From an enumeration of the thirteenth chapter of the Gita he took us to the eighteenth, where nature of the consciousness of total surrender and of meditation and reflection is articulated. It is thus consciousness and not dead matter, but the combination of consciousness and matter which makes us feel warm in the Sun.
Modern science he reminded us, has realized for the first time that the atom has a wholeness of its own. It is also ananta, its growth is a dynamic process and it is not merely an aggregation of electrons and protons. Time has now come, said he, when science has to be spiritualized, just as the ritual of the indigenous people had been spiritualized so as to sacralize nature. Science and the perceptions at the level of textual traditions, the metaphysics and the arts and those lived by cohesive communities must converge. Science, he said, has arrived at the dictum that the velocity of light is absolute. It is only modern science which is linking physical matter with consciousness, and if the IGNCA has begun this exploration then it must be complimented and congratulated for its courage. Such questions can only be barriers of disciplines and cultures, ideologies and positions are transcended. The symbiosis of knowledge, vision and values alone can bring about a consciousness of the wholeness.

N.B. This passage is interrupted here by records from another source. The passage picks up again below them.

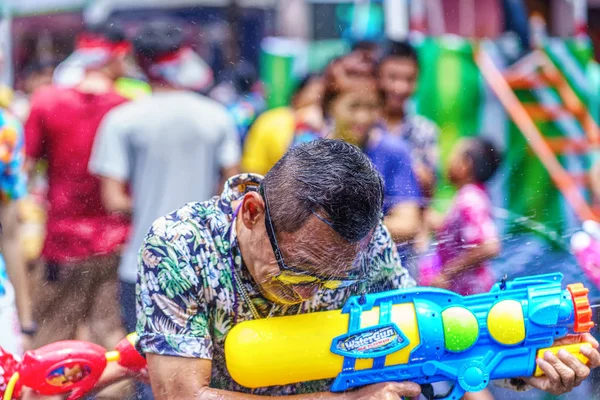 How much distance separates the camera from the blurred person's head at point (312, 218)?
1771mm

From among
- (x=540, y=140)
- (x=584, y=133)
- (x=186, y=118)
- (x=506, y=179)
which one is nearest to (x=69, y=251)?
(x=186, y=118)

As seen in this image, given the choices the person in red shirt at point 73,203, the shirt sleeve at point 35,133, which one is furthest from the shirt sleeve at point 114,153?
the shirt sleeve at point 35,133

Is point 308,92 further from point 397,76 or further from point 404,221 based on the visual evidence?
point 404,221

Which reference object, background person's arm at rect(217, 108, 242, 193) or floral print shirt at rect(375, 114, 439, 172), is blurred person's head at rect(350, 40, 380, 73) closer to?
floral print shirt at rect(375, 114, 439, 172)

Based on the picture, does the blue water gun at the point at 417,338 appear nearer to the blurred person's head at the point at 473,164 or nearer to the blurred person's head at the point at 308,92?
the blurred person's head at the point at 473,164

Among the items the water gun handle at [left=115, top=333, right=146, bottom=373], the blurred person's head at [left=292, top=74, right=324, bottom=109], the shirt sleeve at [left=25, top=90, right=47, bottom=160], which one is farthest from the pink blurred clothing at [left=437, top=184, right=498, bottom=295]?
the shirt sleeve at [left=25, top=90, right=47, bottom=160]

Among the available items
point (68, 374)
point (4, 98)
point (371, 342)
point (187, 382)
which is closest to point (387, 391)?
point (371, 342)

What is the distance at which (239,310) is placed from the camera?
1964mm

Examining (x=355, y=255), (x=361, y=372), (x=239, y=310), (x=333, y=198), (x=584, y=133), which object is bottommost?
(x=584, y=133)

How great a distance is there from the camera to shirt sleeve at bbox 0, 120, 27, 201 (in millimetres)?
3150

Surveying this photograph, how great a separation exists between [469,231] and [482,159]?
1.04m

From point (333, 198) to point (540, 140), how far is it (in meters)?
5.36

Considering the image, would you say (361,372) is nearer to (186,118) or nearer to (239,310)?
(239,310)

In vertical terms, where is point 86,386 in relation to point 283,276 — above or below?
below
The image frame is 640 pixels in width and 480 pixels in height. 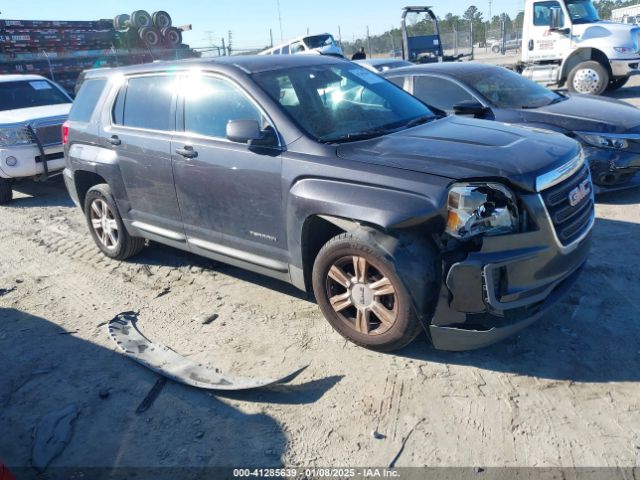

How can this happen? It can happen with a sense of feeling, bhavana, of reflection and of meditation. All this is possible only if man lives by the perennial consciousness that he is one amongst all particles of nature, and is also conscious of the probability and possibility that he can be Brahman.
The audience was blessed and stood in silence and in grace because a scientist and mystic had spoken the journey of the Seminar had begun.